What to produce
Restate the listing below word for word; no picture is to be carried over.

Exercise inputs

+ + + +

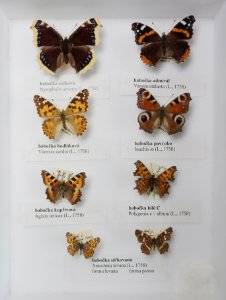 Insecta - collection 04 (Lepidoptera)
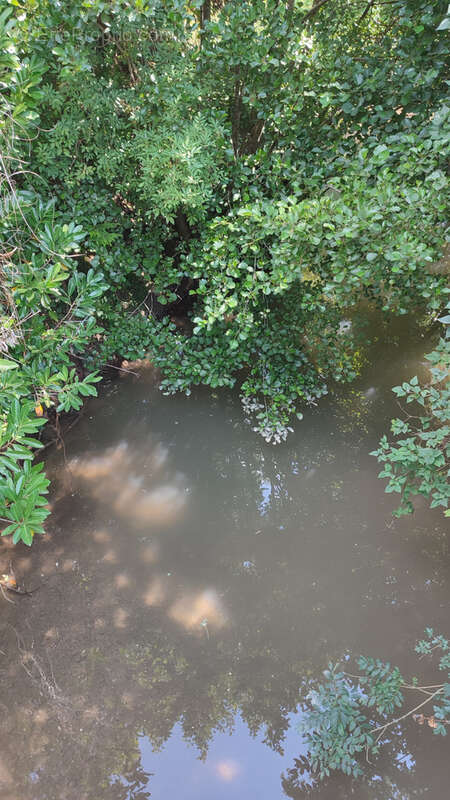 Maison à CAZIDEROQUE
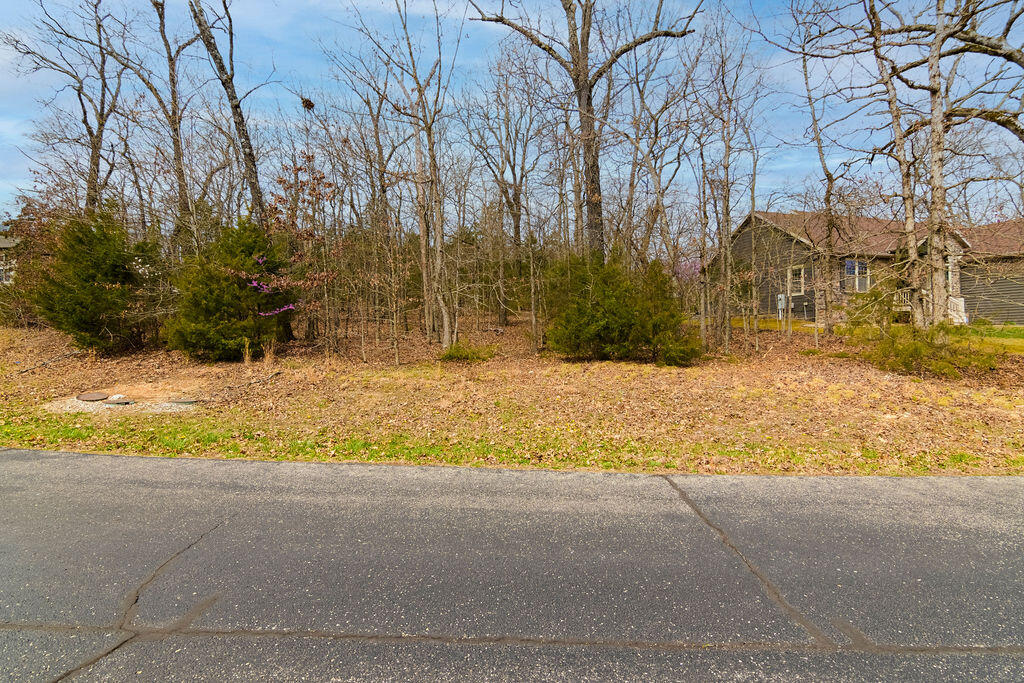 Photo 6 - Land for sale – Lot 28  Crossing Drive  Branson West, MO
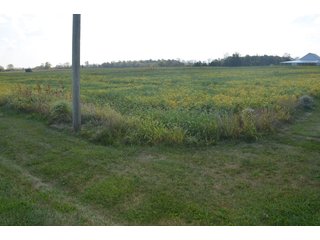 Property photo 15 - REAL ESTATE AUCTION - 604+/- ACRES IN 14 TRACTS IN MERCER CO., OHIO
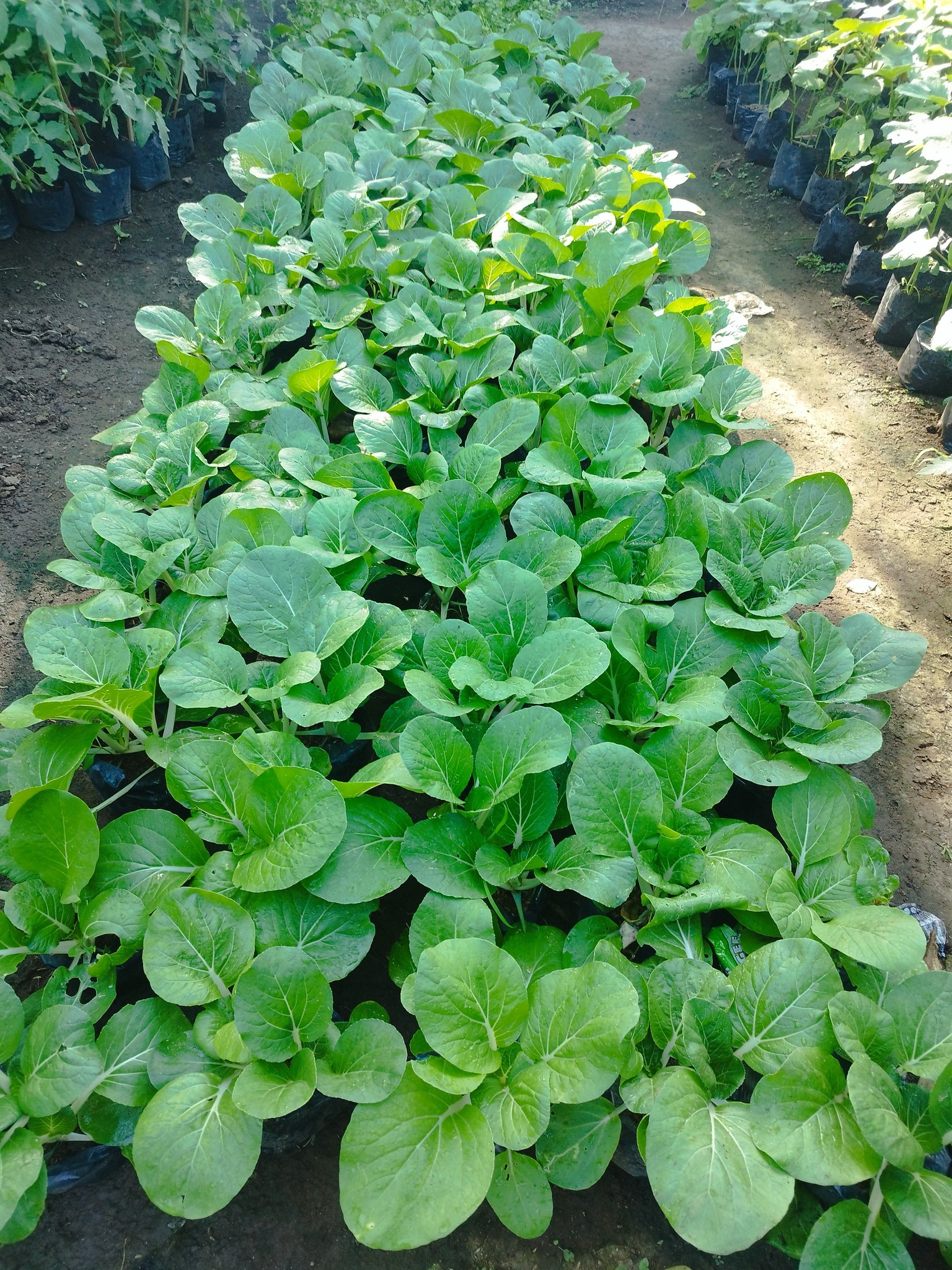 BUY 1 GET 1 FREE PECHAY LIVE PLANT (NOT Seeds) with FREE garden soil ...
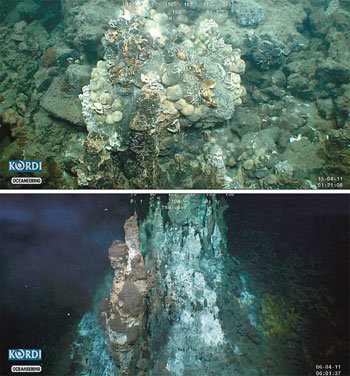 Deep-sea ecosystem on hydrothermal vents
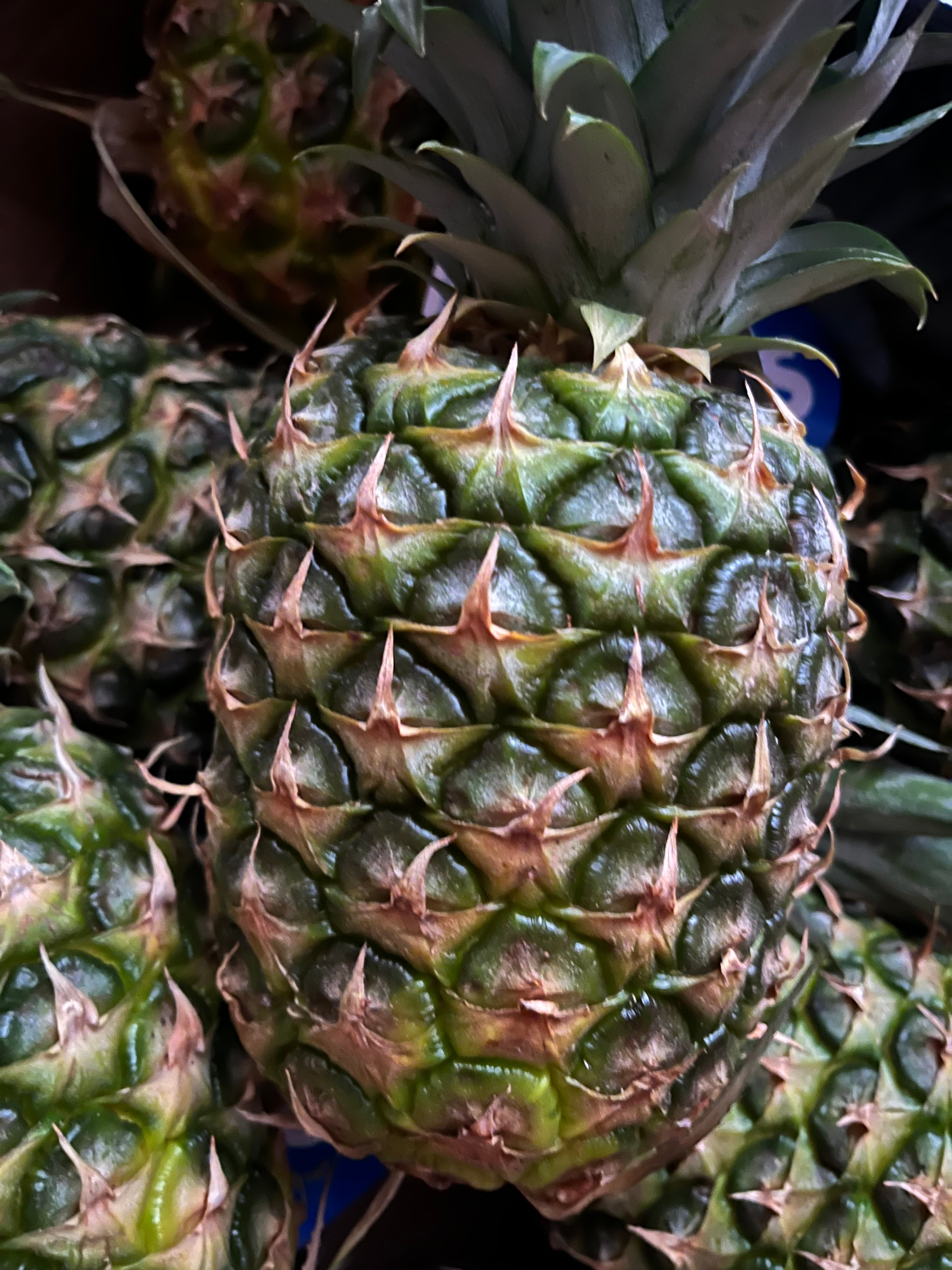 Pineapple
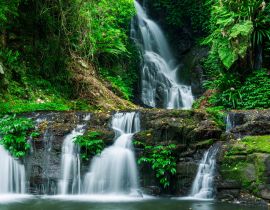 Lais Puzzle - Wasserfall im Lamington National Park in Queensland, Australien - 40, 100, 200, 500, 1.000 & 2.000 Teile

+ + + +

Response box
 Insecta - collection 04 (Lepidoptera)
 Maison à CAZIDEROQUE
 Photo 6 - Land for sale – Lot 28  Crossing Drive  Branson West, MO
 Property photo 15 - REAL ESTATE AUCTION - 604+/- ACRES IN 14 TRACTS IN MERCER CO., OHIO
 BUY 1 GET 1 FREE PECHAY LIVE PLANT (NOT Seeds) with FREE garden soil ...
 Deep-sea ecosystem on hydrothermal vents
 Pineapple
 Lais Puzzle - Wasserfall im Lamington National Park in Queensland, Australien - 40, 100, 200, 500, 1.000 & 2.000 Teile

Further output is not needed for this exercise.